__THE PROBLEM__:
Your copy should begin with the line containing "Welcome friends. In", end with the line containing "When the analysis", match the listing below exactly, and contain no pictures.

Top of SOURCE INFORMATION

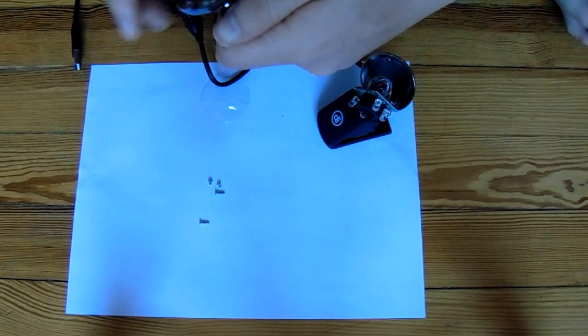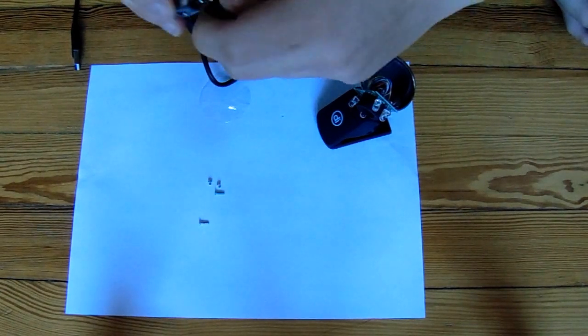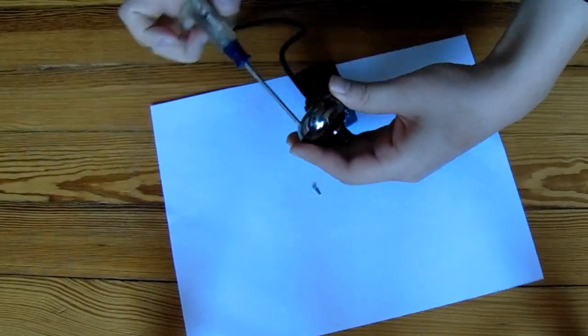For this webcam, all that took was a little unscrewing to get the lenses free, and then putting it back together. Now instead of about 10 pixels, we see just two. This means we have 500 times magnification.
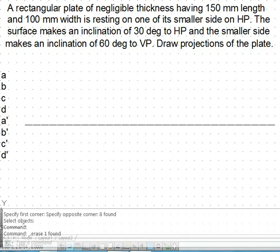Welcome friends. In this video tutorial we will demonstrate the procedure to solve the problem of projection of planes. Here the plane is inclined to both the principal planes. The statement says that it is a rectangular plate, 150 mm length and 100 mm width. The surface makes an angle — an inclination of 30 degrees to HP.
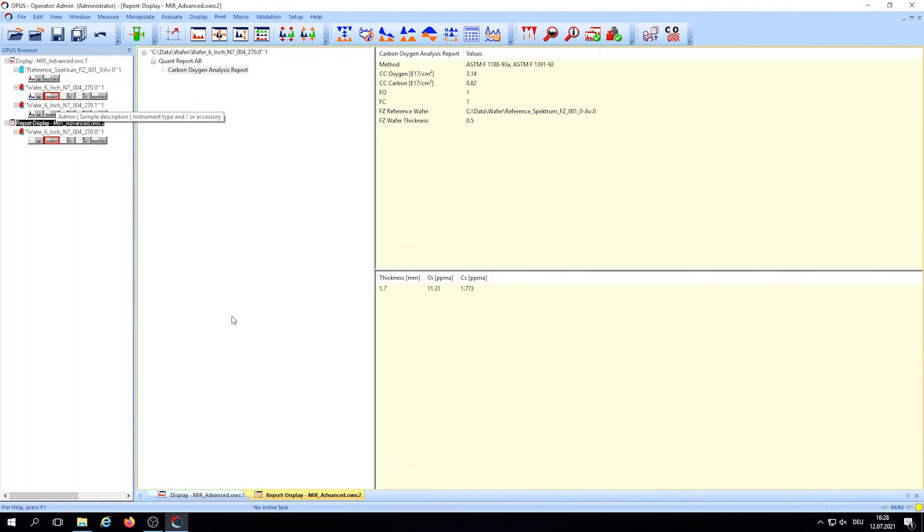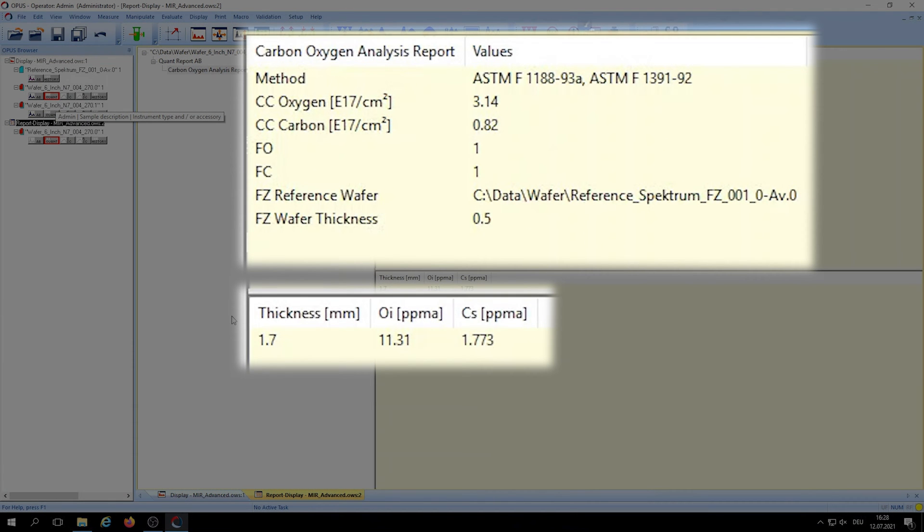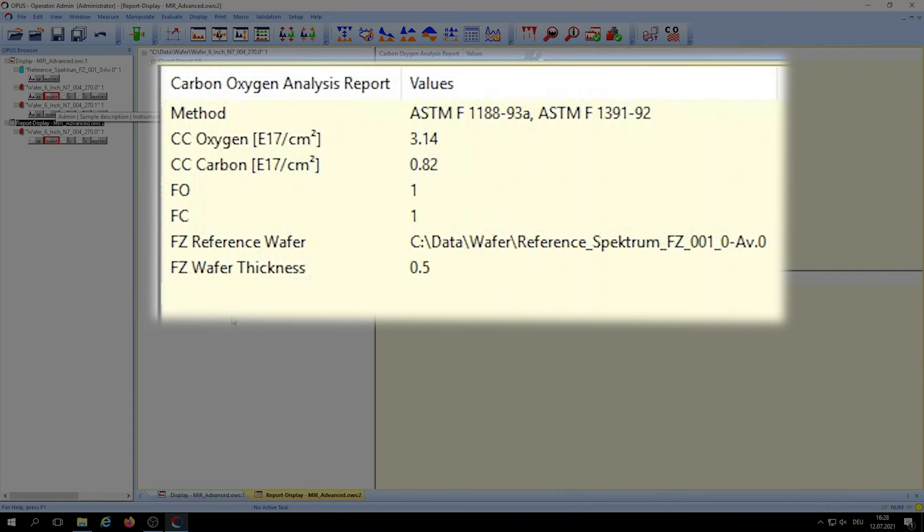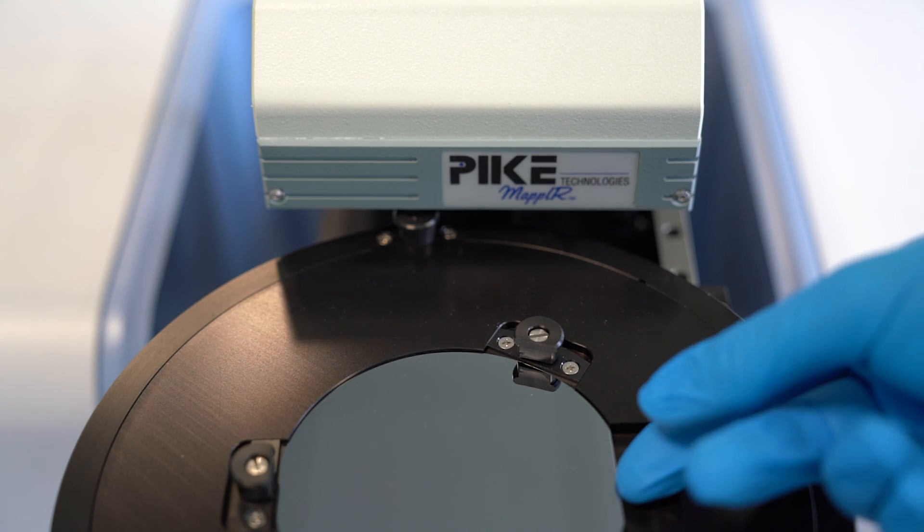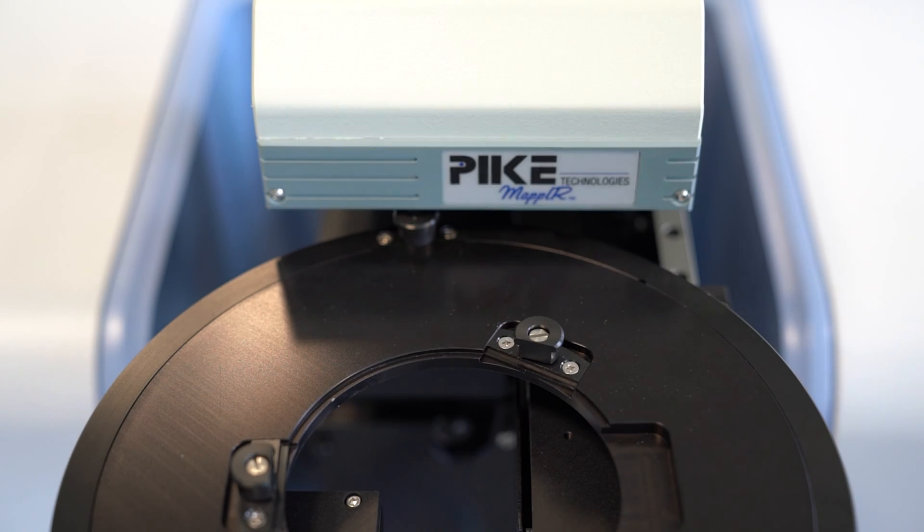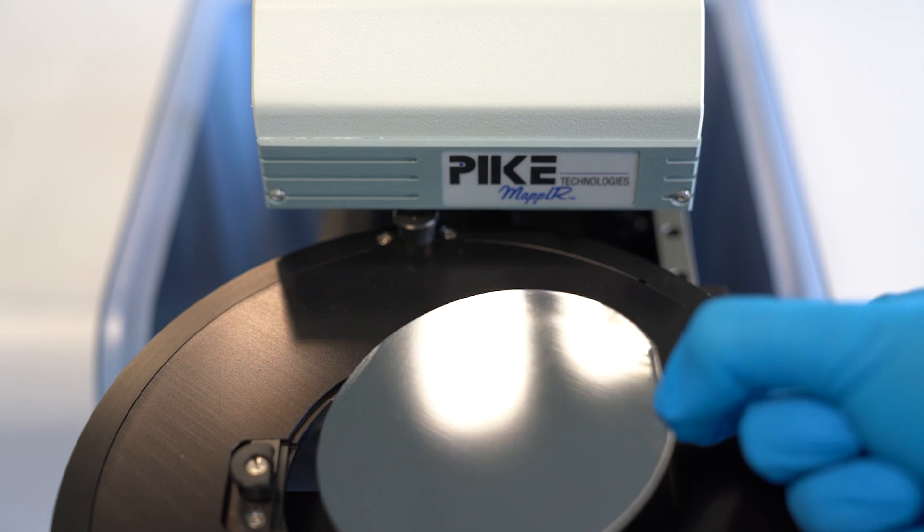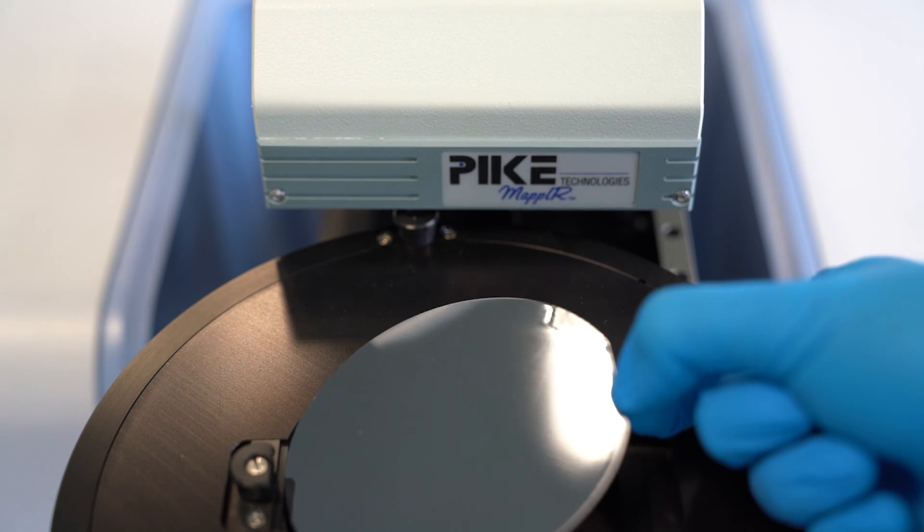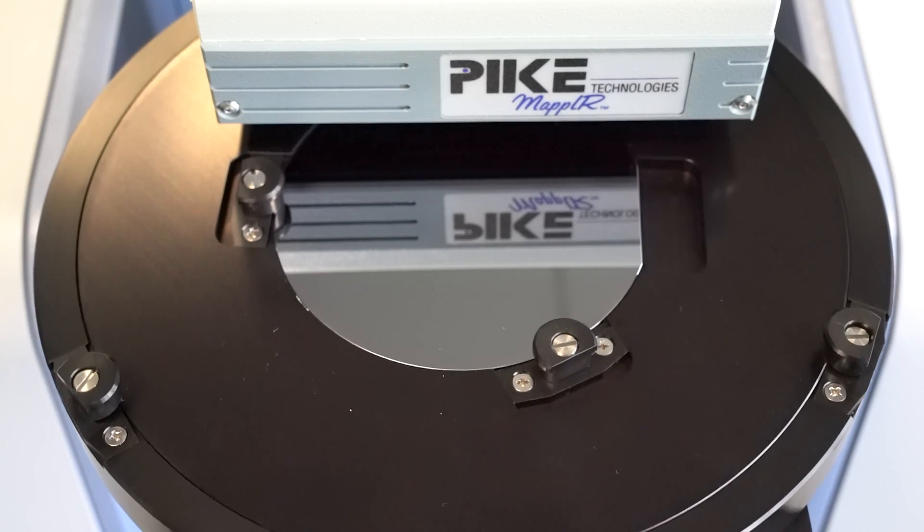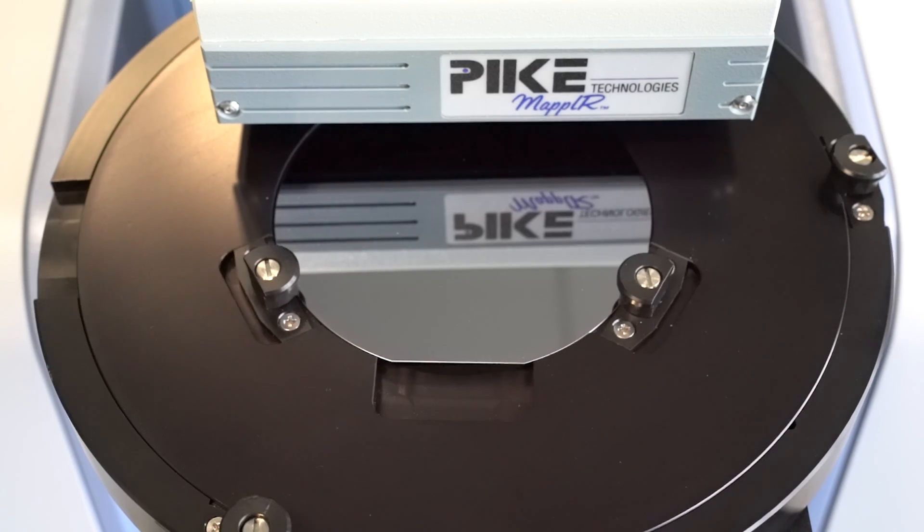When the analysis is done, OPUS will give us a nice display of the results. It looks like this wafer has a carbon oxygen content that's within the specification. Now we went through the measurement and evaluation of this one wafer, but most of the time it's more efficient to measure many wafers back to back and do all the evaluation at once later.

Bottom of SOURCE INFORMATION
Top of SOURCE INFORMATION

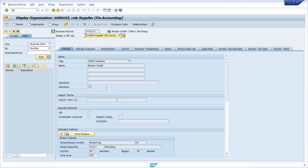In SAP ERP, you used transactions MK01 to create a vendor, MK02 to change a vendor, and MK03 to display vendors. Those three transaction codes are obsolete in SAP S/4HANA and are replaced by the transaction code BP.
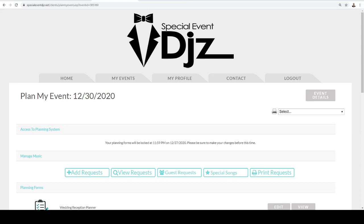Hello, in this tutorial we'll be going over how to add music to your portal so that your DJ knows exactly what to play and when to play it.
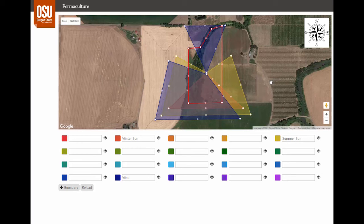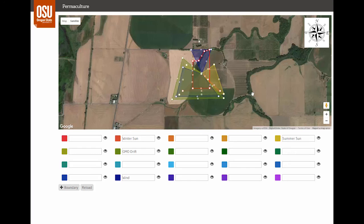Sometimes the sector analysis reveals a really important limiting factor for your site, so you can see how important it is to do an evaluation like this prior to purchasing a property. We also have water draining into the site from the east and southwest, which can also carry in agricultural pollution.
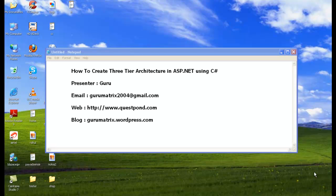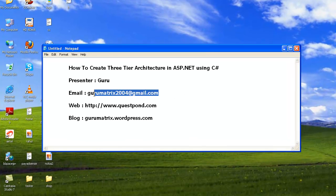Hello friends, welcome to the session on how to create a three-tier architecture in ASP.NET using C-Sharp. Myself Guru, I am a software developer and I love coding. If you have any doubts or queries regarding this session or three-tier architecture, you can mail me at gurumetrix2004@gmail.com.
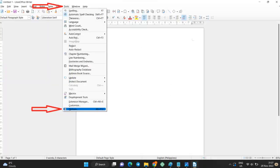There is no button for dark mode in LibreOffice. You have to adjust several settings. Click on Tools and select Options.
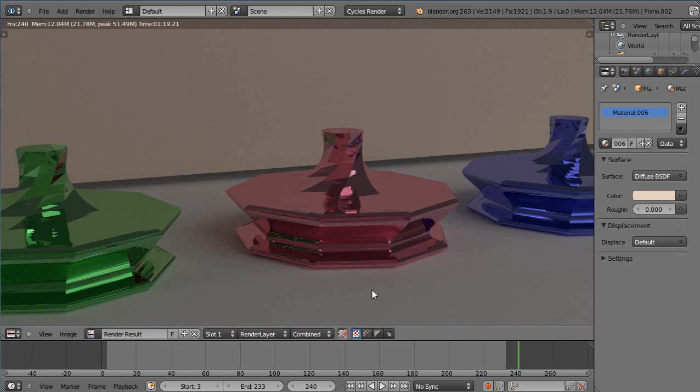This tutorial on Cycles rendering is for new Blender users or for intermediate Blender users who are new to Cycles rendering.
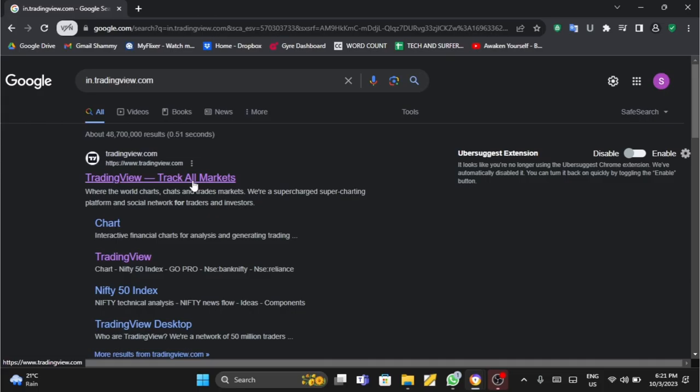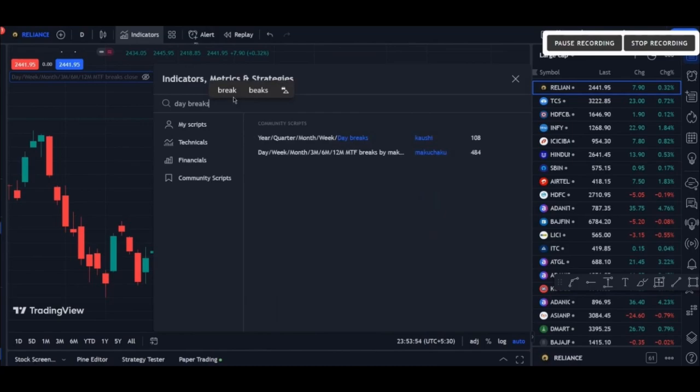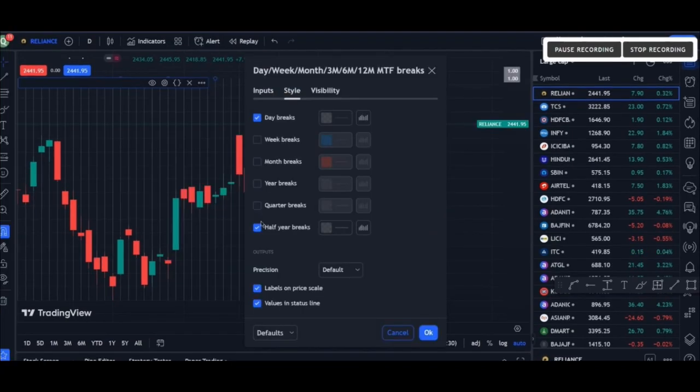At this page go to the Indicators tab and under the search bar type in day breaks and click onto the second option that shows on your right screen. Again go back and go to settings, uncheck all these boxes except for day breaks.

Bottom of SOURCE INFORMATION

__WRITTEN RESPONSE__:
Welcome friends. In this video tutorial we will demonstrate the procedure to solve the problem of projection of planes. Here the plane is inclined to both the principal planes. The statement says that it is a rectangular plate, 150 mm length and 100 mm width. The surface makes an angle — an inclination of 30 degrees to HP.
When the analysis is done, OPUS will give us a nice display of the results. It looks like this wafer has a carbon oxygen content that's within the specification. Now we went through the measurement and evaluation of this one wafer, but most of the time it's more efficient to measure many wafers back to back and do all the evaluation at once later.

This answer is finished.